Beitrag von Maggov »

Hallo Hans,

es stimmt, dass man den Drill nicht nur wg. des Vorfachs sondern auch wg. der Gefahr des Aushebelns bzw. Ausschlitzens (gerade bei grösseren Fischen) nicht total forcieren sollte. Wenn der Fisch aber schon 30 Meter abgezogen ist und ich die Haltung der Rute (waagrechte Position einnehmen wie Matthias beschrieben hat) nicht änder, dann habe den Drill für meinen Geschmack zu wenig forciert.

Ich kenne Situationen da schiesst ein Fisch in Richtung Stufe oder Rausche, wenn Du dann nicht forcierst verlierst Du den Fisch weil Du:

a. nicht so schnell folgen kannst,
b. der Druck des Wassers auf die Schnur viel zu hoch wird und Dein Vorfach (das geht bei einem 0,14-er schon problemlos) deswegen reisst
c. der fisch mit einem Richtungswechsel jeden Kontakt zwischen Rute und Fisch unterbindet und sich so leicht losschütteln kann

Ich habe schon einige Fische (gerade am Anfang) durch zu starkes Forcieren verloren. Es gibt drei Schläge in die Rute bei der ersten Flucht und - zack - ist der Haken draussen. Ich habe in den letzten 3 Jahren vielleicht 2 Fische wg. Vorfachbruch verloren (wobei ich noch nie unter 0,14 gegangen bin) - und ich habe noch nie einen Fisch gehabt der bis ins Backing ging.

Von daher denke ich, dass Paul schon recht hat - mit der Einschränkung, dass manche Gewässer ein Folgen des Fisches fast nicht ermöglichen. Ausser man schwimmt ;) ...

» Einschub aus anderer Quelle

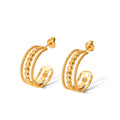 Competitive Price 18K Gold Stainless Steel Minimalist Three-Layer Hollow Ear Studs Women's Hoop Earrings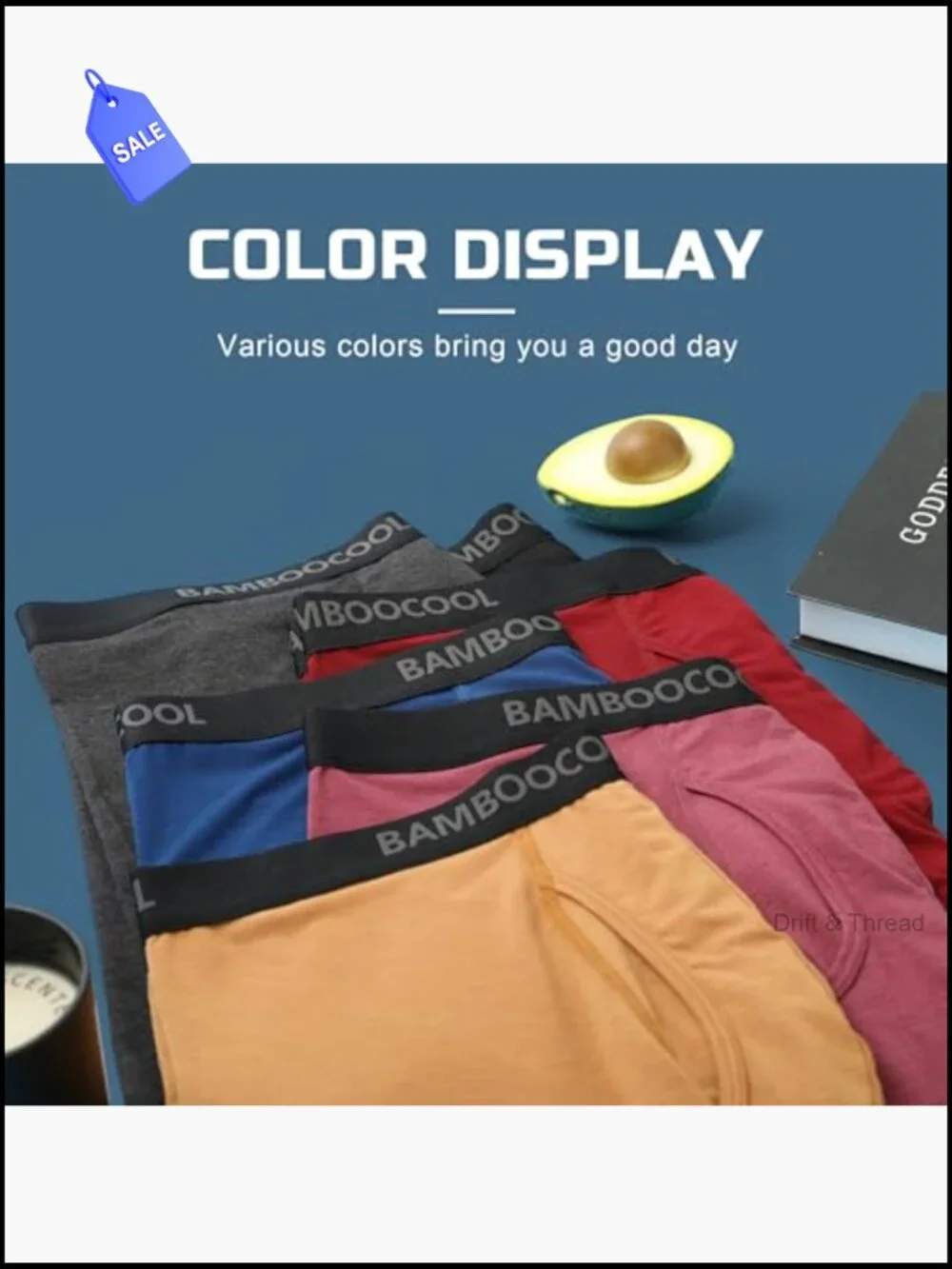 Men's Bamboo Viscose Boxer Briefs 7-Pack Breathable Moisture-Wicking Underwear
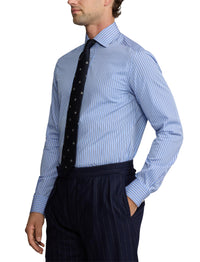 Striped poplin shirt - Light Blue & Navy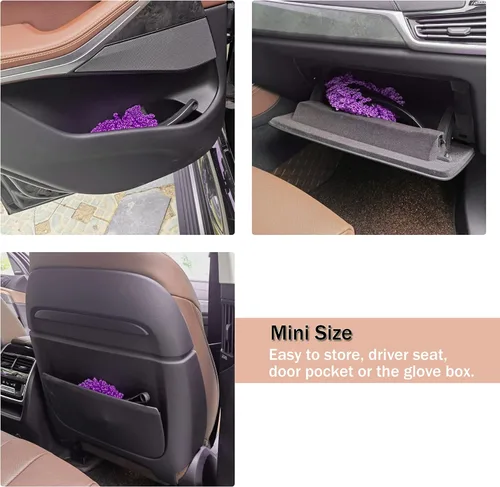 Vista 6 de Amiss Paquete de 2 mini cepillos de microfibra para salpicadero de automóvil, cepillo multifuncional de limpieza para automóvil, accesorios
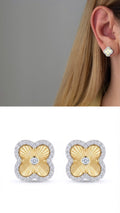 Two Tone Cz Pave Sunburst Clover Stud Earrings wholesale jewelry VIP 14K EARRINGS  Catwalk Jewellery Europe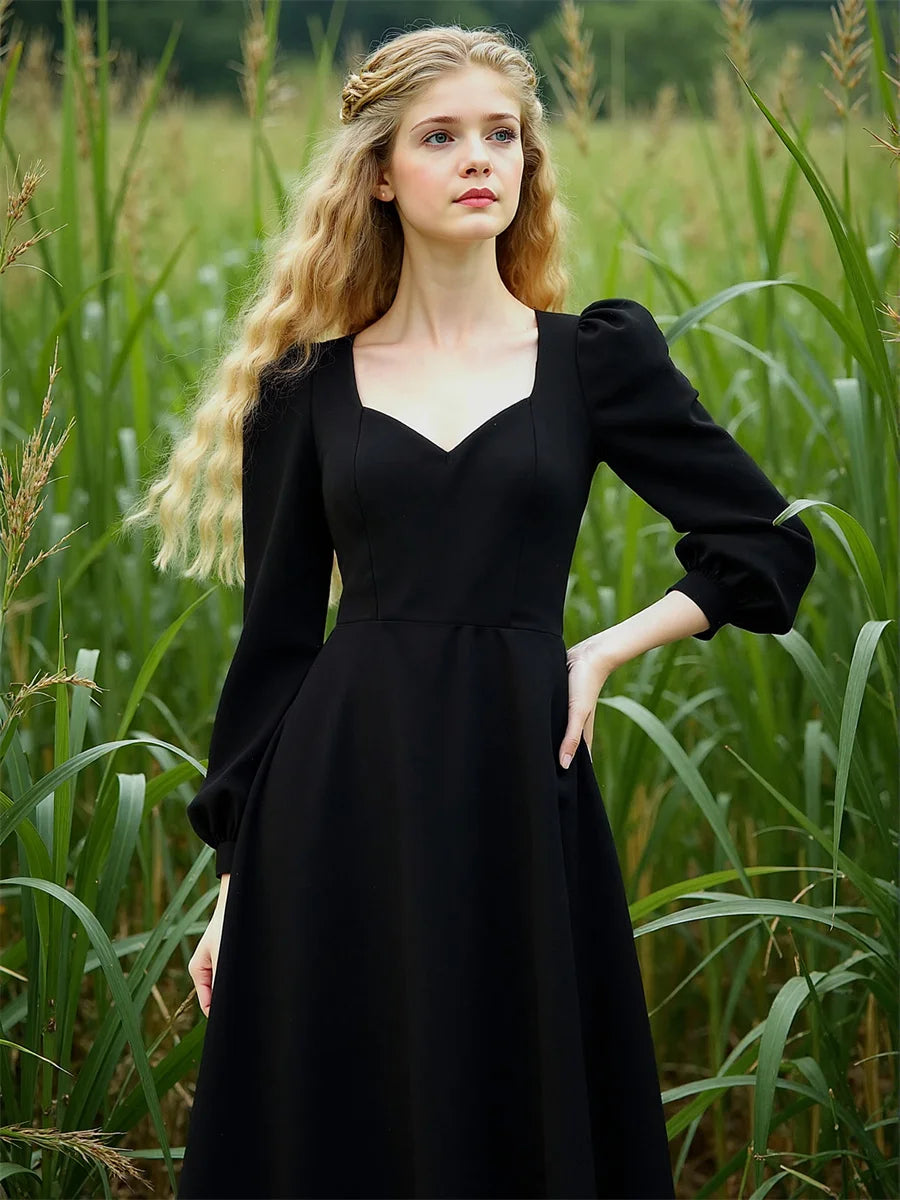 Women'S Dress Autumn Woman Long Sleeve Square Collar Elegant Beautiful Feminine Pretty Sweet Lovely Cute Fancy Exquisite Simple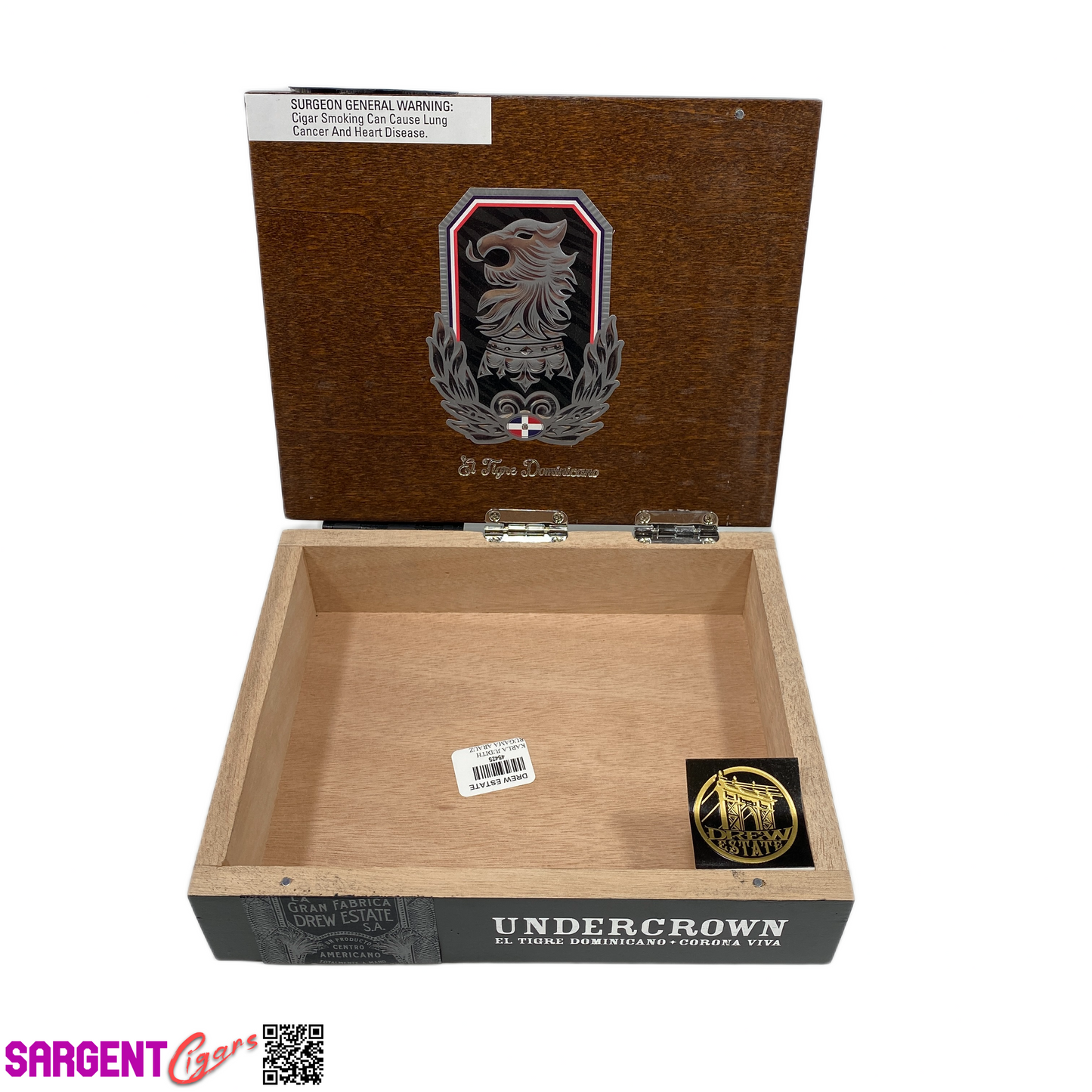 Undercrown El Tigre Corona Viva Empty Wooden Cigar Box 8.25x6.75x2
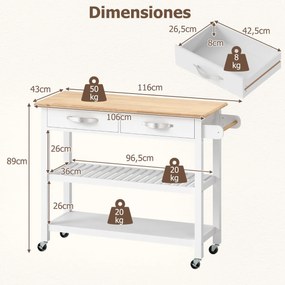 Carrinho de cozinha 106 cm x 50 cm x 89 cm  com rodas com 2 gavetas, 2 prateleiras abertas e pega lateral branca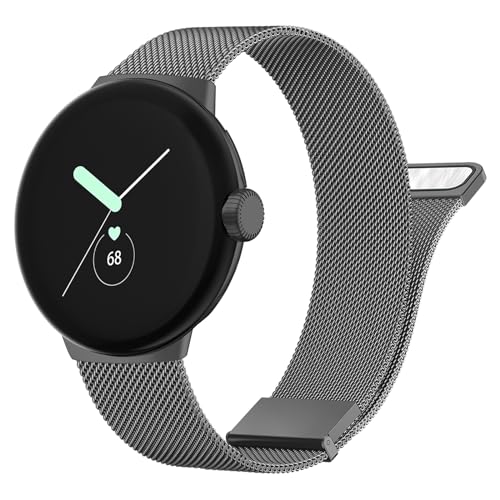 Oumida Metallbänder, kompatibel mit Google Pixel Watch Band 2022, Edelstahl-Metallarmband, verstellbares Armband, Ersatzarmband für Google Pixel Watch Armbänder (Space Gray) von Oumida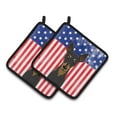 thumbnail image 1 of Carolines Treasures BB2170PTHD Flag and Min Pin Pair of Pot Holders , 7.5HX7.5W, multicolor, 1 of 3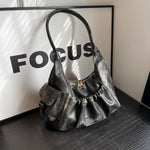 Distressed Vintage Shoulder Bags For Women Pleated Design Large Capacity Retro Hobo Bag 2024 Winter New Designer Handbags Luxury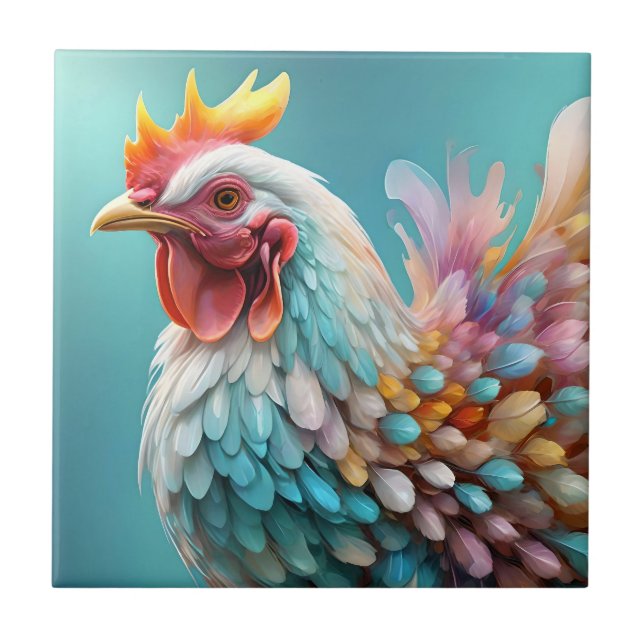 "Feathers of Color: The Rainbow Chicken" Tile (Front)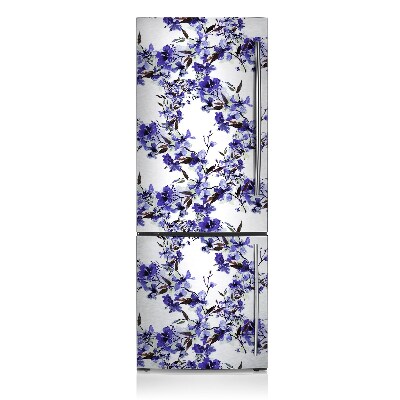 Adesivo magnetico per frigo Fiori blu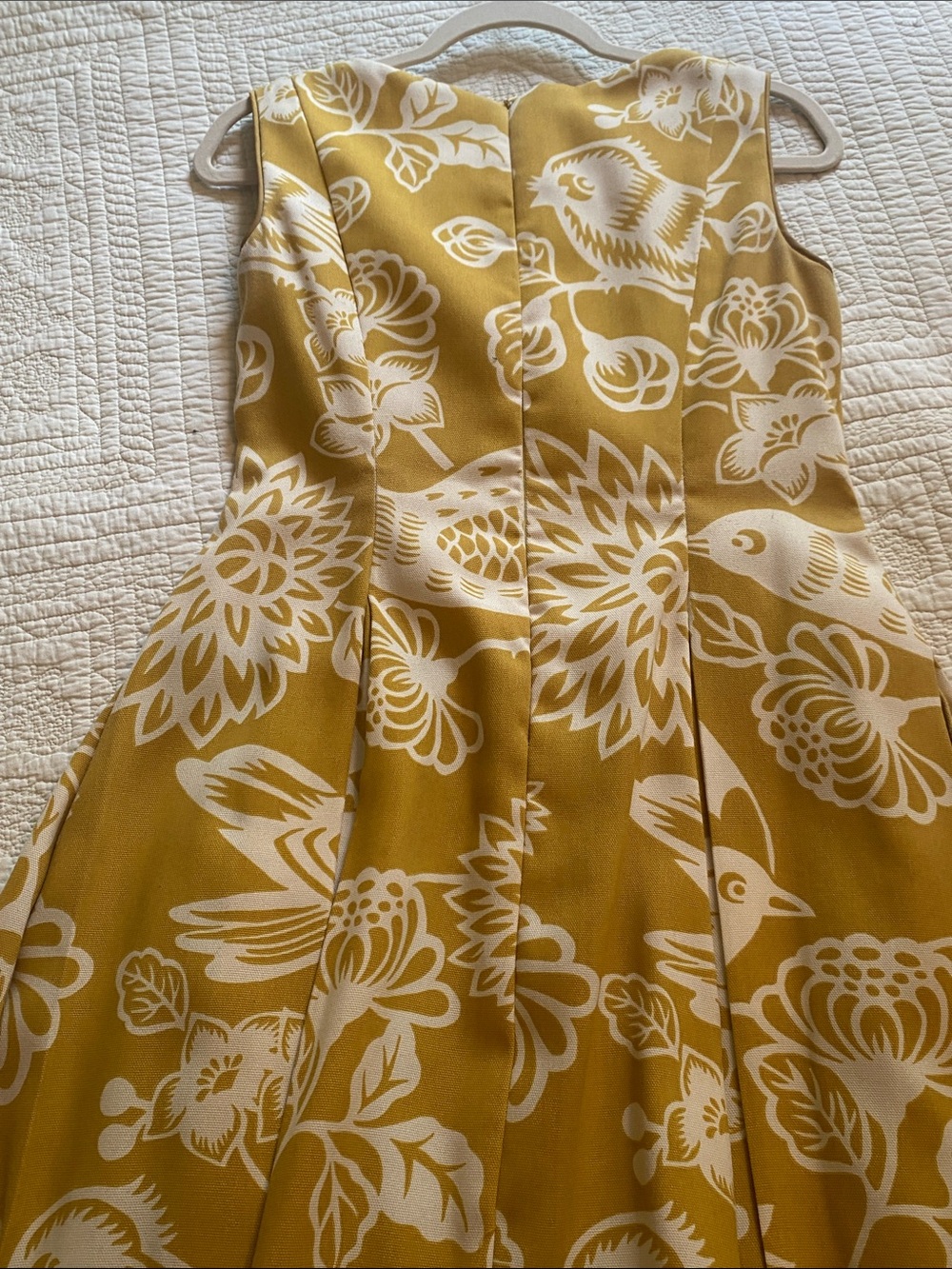 CUSTOM 1950 Yellow Floral Fit & Flare Dress with Satin Slip & Hidden Pockets SzM - Picture 2 of 16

Viele Grüsse und viele schöne Stunden am Wasser

Markus
posti
Beiträge: 282
Registriert: 08.10.2006, 20:33
Wohnort: Linz
Hat sich bedankt: 3 Mal
Danksagung erhalten: 2 Mal

Beitrag von posti »

Servus Hans,
pehers hat geschrieben:..... möchte ich schon als advacatus diaboli ....
den Eindruck hatte ich von dir eigentlich nicht - so kann sich der Mensch täuschen :lol: :lol:
fragen, ob es nicht schon Situationen geben kann, in denen ich den Fisch gehen lassen muß!
Ja natürlich: geben kann. Aber selbst da hab ich irgendetwas zu tun, und nicht zu warten, bis das Backing zu Ende geht.
Ich habe beispielsweise von berühtmen Amerikanischen Gewässern gelesen, die man im Herbst mit feinsten Vorfächern......
Wobei sich da allerdings schon die Frage bezüglich waidgerechtes Angeln aufdrängt, denn irgendwo muss man dann eine Grenze ziehen. Aber das soll dann jeder mit sich selbst ausmachen.
Mit herzlichem Gruß
Benutzeravatar
pehers
Beiträge: 1461
Registriert: 28.09.2006, 11:51
Wohnort: Linz/AUT
Hat sich bedankt: 18 Mal
Danksagung erhalten: 94 Mal
Kontaktdaten:

Beitrag von pehers »

Servus!

Ich habe folgende Erfahrung gemacht: Fische können sehr wohl ins backing gehen und man steht, auch wenn man schon den einen oder anderen Fisch gefangen hat, oft hilflos daneben und hält die Rute in die Höhe, um den Wasser-/Strömungsdruck auf die Schnur zu verringern. Da ist mE nimmer viel los mit horizontalem Druck (allein schon vom Winkel her)! Der Ehrlichkeit halber ist mir das bis jetzt erst zwei mal passiert und ich habe den Fisch nur einmal landen können (aber längere Fluchten, gegen die man glaubt anfänglich nichts machen zu können, passieren schon öfter). Es handelte sich um 0,14er Vorfach und ich muß ehrlich zugeben, dass ich mir schwer täte, wenn ich sagen müsste, ob hier mehr an Power im Drill noch drin gewesen wäre. In der Situation habe ich wahrscheinlich auch nicht recht aktiv gewirkt und den Fisch einfach gehen lassen. Ich war einfach zu überrascht, dass auf einmal ein solches Kraftpaket am Ende der Leine hängt. Obwohl ich idR genauso wie ihr versuche, den Drill so kurz wie möglich zu halten, weil das eben doch die Gefahr minimiert, den Fisch zu überanstrengen und zu verlieren. Aber ich bin mir eben sicher, dass ich einigen Drills die ersten 20m ohne jede Reaktion von der Rolle rauschen habe lassen.

L.G.
Hans
www.soulfishing.eu
I still don't know why I fish or why other men fish, except that we like it and it makes us think and feel. (Roderick L. Haig-Brown, A River Never Sleeps)
Maggov
Moderator
Beiträge: 5549
Registriert: 28.09.2006, 14:21
Wohnort: München
Hat sich bedankt: 308 Mal
Danksagung erhalten: 401 Mal

Beitrag von Maggov »

Hallo Hans,

eine Einschränkung meinerseits, wenn Du einen extrem weiten Wurf hast und der Biss quasi sofort erfolgt bedarf es natürlich keiner riesigen Fluch mehr um das Backing an der Spitze zu haben.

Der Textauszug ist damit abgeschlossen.